The Sada Social Centre, a Palestinian NGO that monitors social networking sites, said that at least 425 violations against Palestinian content published online regarding Israeli occupation and violence were made in 2022 so far.
Facebook ranked first among all social networking sites for violations against Palestinian digital content in 2022 so far [Getty]
At least 425 violations and acts of censorship against Palestinian content online have been documented throughout the first half of this year, according to an NGO.
The Sada Social Centre, a Ramallah-based NGO that monitors social networking sites, said the violations are carried out in an attempt to “fight” the Palestinian narrative with reference to occupation, violence and various other forms of injustices executed by Israeli authorities and forces.
Facebook is the social network site that suppressed Palestinian content the most in the first of half of 2022, according to Sada, with 273 violations documented.
Around 60 violations against Palestinian digital content in the form of posts, images and messages were documented on WhatsApp, with the remainder being on Instagram, TikTok, YouTube and Twitter.
Meanwhile, the audio app Clubhouse, which allows for users to host “rooms” with as many or as little participants as possible, received at least 10 complaints regarding attempts to close the rooms organised by Palestinian activists, specifically in relation to events in occupied east Jerusalem.
The NGO also stated that the majority of violations against Palestinian content on social media vary from restricting posts and removing or suspending of individual accounts, notably when using terms associated with Israeli occupation, which are classified within the algorithm ban range.
Such terms include “occupation”, “resistance”, “martyr” and “Jenin camp”, among others, usually in the Arabic language.
The NGO also said that 97 percent of the 195 surveyed activists confirmed they had been subjected to digital content violations with respect to social media posts about the Palestinian cause.
Israeli authorities and social media platforms have a track record of censoring Palestinian content.

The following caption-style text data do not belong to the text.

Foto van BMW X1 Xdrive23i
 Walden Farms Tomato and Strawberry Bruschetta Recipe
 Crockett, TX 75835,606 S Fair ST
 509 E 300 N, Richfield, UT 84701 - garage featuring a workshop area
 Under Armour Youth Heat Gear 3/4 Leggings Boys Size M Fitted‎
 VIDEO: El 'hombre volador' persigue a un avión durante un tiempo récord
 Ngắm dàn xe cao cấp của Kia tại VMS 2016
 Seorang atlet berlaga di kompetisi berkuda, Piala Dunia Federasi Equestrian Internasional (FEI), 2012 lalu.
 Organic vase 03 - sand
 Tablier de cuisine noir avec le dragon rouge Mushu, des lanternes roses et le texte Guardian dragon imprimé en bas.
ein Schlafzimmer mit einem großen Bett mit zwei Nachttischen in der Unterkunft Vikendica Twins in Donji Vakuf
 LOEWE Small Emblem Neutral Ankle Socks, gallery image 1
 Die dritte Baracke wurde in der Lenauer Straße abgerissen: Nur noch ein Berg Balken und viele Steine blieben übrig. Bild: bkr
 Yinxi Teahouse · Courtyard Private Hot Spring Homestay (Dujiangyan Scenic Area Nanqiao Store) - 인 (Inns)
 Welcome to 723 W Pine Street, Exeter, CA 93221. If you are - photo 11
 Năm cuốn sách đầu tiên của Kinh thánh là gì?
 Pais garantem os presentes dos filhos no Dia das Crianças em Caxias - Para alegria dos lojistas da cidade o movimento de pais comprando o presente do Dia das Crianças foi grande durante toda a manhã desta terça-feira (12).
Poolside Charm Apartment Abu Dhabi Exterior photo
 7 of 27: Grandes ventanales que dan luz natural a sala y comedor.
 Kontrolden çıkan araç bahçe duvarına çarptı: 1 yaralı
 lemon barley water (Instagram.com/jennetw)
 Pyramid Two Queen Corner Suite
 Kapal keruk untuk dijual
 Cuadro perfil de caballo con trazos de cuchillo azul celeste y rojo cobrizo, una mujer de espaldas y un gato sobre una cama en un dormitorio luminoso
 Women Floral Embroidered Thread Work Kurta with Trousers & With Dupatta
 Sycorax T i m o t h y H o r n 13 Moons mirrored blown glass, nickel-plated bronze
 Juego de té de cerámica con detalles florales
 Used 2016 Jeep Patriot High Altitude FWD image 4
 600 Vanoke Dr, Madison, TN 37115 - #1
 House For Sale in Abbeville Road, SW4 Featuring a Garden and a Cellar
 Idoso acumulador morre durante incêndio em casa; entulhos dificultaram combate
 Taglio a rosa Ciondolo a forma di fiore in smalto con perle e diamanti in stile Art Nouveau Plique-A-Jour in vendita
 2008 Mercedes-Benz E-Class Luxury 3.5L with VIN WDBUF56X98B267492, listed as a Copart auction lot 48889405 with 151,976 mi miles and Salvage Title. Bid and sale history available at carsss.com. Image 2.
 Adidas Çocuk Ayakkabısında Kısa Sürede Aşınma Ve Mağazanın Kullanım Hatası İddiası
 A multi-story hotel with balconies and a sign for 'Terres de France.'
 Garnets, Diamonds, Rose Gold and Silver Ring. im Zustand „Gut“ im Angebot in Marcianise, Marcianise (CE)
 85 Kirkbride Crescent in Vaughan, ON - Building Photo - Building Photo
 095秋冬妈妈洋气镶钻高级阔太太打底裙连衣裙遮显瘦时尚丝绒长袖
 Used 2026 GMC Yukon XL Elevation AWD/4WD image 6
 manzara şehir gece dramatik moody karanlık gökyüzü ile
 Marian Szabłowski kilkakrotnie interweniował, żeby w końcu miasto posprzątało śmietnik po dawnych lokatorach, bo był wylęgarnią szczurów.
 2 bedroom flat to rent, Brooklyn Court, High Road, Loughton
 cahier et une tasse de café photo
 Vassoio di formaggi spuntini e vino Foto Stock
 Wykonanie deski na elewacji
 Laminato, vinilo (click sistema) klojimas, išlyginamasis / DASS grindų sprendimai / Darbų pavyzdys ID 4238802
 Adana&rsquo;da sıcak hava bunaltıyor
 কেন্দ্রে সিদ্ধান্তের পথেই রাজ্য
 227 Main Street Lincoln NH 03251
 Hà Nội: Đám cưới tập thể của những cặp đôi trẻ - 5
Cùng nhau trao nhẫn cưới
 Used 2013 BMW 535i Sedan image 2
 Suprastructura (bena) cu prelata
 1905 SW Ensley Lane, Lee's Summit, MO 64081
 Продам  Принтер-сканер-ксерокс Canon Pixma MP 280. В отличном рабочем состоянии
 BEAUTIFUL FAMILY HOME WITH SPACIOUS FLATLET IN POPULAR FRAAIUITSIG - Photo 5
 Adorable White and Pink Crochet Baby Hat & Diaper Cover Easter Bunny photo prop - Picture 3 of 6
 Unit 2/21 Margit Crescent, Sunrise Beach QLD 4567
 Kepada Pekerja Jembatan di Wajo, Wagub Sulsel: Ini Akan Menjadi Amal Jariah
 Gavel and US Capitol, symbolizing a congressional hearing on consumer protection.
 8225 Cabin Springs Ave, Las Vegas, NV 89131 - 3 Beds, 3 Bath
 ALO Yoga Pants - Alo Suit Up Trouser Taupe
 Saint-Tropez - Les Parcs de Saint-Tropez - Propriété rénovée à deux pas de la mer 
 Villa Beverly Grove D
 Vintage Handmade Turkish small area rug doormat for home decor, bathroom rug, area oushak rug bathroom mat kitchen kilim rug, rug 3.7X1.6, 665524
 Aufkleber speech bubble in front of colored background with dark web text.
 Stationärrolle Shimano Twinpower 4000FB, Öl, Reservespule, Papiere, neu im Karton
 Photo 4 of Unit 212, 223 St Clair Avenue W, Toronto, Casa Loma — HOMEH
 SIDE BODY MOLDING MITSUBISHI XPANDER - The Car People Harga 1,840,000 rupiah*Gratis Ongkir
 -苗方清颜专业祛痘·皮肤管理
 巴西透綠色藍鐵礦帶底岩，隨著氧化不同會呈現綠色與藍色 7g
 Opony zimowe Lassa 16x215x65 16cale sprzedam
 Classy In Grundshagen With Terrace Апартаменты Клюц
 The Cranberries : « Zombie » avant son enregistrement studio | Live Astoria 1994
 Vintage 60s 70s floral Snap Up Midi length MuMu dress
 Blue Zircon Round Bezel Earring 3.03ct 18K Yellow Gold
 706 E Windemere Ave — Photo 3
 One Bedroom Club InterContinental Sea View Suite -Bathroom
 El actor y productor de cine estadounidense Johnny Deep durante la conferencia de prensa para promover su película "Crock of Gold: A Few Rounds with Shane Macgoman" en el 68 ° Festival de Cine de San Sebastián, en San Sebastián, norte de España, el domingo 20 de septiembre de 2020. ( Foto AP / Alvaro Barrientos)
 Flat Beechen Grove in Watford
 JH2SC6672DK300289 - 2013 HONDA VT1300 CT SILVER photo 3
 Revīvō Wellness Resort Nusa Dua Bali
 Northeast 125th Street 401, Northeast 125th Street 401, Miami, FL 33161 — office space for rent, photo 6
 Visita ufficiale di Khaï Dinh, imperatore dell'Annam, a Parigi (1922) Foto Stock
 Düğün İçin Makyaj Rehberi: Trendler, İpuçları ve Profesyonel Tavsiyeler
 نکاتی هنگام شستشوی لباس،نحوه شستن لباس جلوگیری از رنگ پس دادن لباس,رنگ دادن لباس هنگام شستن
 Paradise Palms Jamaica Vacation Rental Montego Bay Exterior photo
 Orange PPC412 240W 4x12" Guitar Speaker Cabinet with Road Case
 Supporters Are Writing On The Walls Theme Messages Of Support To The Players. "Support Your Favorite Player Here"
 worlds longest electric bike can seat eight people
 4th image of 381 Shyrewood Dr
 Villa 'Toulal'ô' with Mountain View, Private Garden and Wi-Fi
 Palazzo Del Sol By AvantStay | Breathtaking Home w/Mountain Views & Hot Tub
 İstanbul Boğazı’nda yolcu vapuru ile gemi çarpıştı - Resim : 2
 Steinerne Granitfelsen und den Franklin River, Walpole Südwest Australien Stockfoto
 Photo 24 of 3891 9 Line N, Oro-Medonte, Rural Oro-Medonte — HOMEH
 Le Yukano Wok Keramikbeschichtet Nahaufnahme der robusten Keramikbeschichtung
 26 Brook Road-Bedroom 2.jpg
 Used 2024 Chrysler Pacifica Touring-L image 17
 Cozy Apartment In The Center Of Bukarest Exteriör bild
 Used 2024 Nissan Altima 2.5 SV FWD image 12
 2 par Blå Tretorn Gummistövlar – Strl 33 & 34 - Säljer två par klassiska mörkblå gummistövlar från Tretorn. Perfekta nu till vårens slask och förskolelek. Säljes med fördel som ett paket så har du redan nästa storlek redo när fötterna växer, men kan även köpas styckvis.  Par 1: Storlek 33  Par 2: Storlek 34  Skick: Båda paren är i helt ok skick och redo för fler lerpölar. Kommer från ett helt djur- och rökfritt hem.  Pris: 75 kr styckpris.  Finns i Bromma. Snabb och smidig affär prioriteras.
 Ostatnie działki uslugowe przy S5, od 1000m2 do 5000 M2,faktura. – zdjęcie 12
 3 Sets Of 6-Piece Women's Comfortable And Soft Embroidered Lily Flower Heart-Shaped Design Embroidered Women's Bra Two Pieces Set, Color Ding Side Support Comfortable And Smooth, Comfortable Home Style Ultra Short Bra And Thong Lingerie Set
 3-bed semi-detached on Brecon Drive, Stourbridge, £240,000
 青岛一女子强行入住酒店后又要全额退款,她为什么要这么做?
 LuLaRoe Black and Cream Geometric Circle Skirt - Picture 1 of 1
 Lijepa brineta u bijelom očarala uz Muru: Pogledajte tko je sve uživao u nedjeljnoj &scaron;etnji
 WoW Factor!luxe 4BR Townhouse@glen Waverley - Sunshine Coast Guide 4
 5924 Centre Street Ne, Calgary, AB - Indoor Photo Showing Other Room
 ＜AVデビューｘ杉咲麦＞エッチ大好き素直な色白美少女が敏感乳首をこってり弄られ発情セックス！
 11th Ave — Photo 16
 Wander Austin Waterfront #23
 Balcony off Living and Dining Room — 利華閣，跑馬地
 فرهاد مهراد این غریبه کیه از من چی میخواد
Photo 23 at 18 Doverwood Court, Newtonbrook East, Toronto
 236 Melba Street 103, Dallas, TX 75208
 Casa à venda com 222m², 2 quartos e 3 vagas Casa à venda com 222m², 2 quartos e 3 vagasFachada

In May last year, several activists noted that posts in relation to the Sheikh Jarrah expulsions on Instagram were deleted for “violated the platform’s community standards”.
Facebook has also faced multiple accusations of “moderating” content regarding Palestine and Israel.
In a high-profile case, Palestinian-American supermodel Bella Hadid accused Instagram of “shadow-banning” her earlier this year following posts she made on Israeli violence at the Al-Aqsa Mosque.
She said that the photo-sharing app suppressed her content “pretty much only when it’s Palestine-based”.